Sanders won’t be holding rallies or mobilizing any grassroots campaigners. He has made it clear that he wants to focus in the weeks and months to come on his work in the Senate to develop bolder responses to the coronavirus pandemic and the economic crisis it has spawned. But he still wants the movement politics of his candidacy to influence the party and its eventual nominee.
The senator, like many of his supporters, believes that the Democratic ticket will be stronger, and the party more united for the November campaign against Donald Trump and the Republicans, if it embraces progressive positions on issues such as health care reform. “During the primary elections, exit polls showed, in state after state, a strong majority of Democratic primary voters supported a single government health insurance program to replace private insurance,” notes Sanders. “That was true even in states where our campaign did not prevail.”
This is why, in his April 8 announcement, the candidate said, “I will stay on the ballot in all remaining states and continue to gather delegates. While Vice President Biden will be the nominee, we should still work to assemble as many delegates as possible at the Democratic convention where we will be able to exert significant influence over the party platform and other functions.”
Sanders backers heard that message. “While we disagree with and are disappointed by Bernie’s decision to suspend the campaign today, we will continue to battle for the vital progressive agenda that is supported by most of those who voted in Democratic primaries and caucuses this year. And we will keep working to elect Bernie delegates,” declared RootsAction.org co-founders Jeff Cohen and Norman Solomon. “We take very seriously Bernie’s statement today that ‘we must continue working to assemble as many delegates as possible at the Democratic convention.’ The Bernie 2020 campaign has never been about one person or one election cycle. Our work to create a progressive future will continue unabated.”

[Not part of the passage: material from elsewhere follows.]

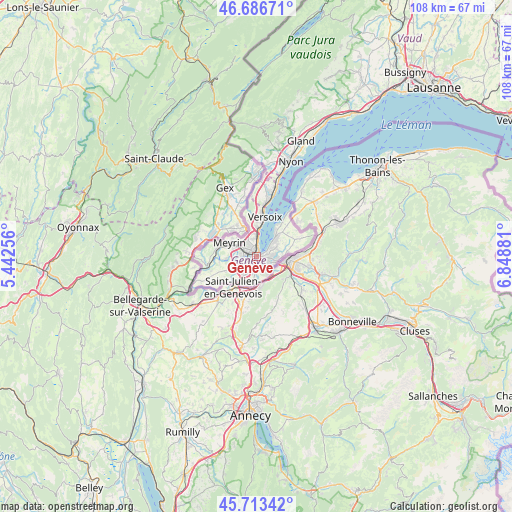 Genève on map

The “People for Bernie” team that played a critical role in building grassroots support for the senator from Vermont, has since Wednesday been alerting its hundreds of thousands of social media followers, “You can and should still vote for @berniesanders.”
“Let’s get those delegates!” the group declares.
Can they? History records that plenty of candidates have won delegates after they have quit campaigning. Famously, in 1992 former Massachusetts senator Paul Tsongas scored some of his strongest finishes weeks after he suspended his “A Call to Economic Arms” bid for that year’s Democratic nomination race—gaining 29 percent of the vote in the New York primary and 22 percent in Wisconsin. He kept winning delegate spots that were filled by his supporters, including his aging aunt and uncle, who joined the New York delegation. “Let me say, the message survives and the message lives,” announced Tsongas, who ran so well as a non-candidate that he briefly considered reentering the race. “The message has real power.”
In 2000, long after former New Jersey senator Bill Bradley quit running for the Democratic nod, he won dozens of delegates in late primaries in Pennsylvania, North Carolina, and other states.
There is no telling how well Sanders will run in the primaries to come. But Alan Minsky, the executive director of Progressive Democrats of America, says, “I expect he will cross the 15 percent threshold in most of the states, maybe all of them.” PDA, a group that started urging Sanders to run for the presidency long before he entered the 2016 race and that has always been ardent in its support of the senator, plans to campaign hard in the contests to come.
“Our base is very enthusiastic. We will use our phone banks before the primaries to tell people that we need those delegates,” says Minsky. “This is a movement-based campaign and the way to advance the movement is to keep voting for Bernie, get the delegates and move the party in a progressive direction.”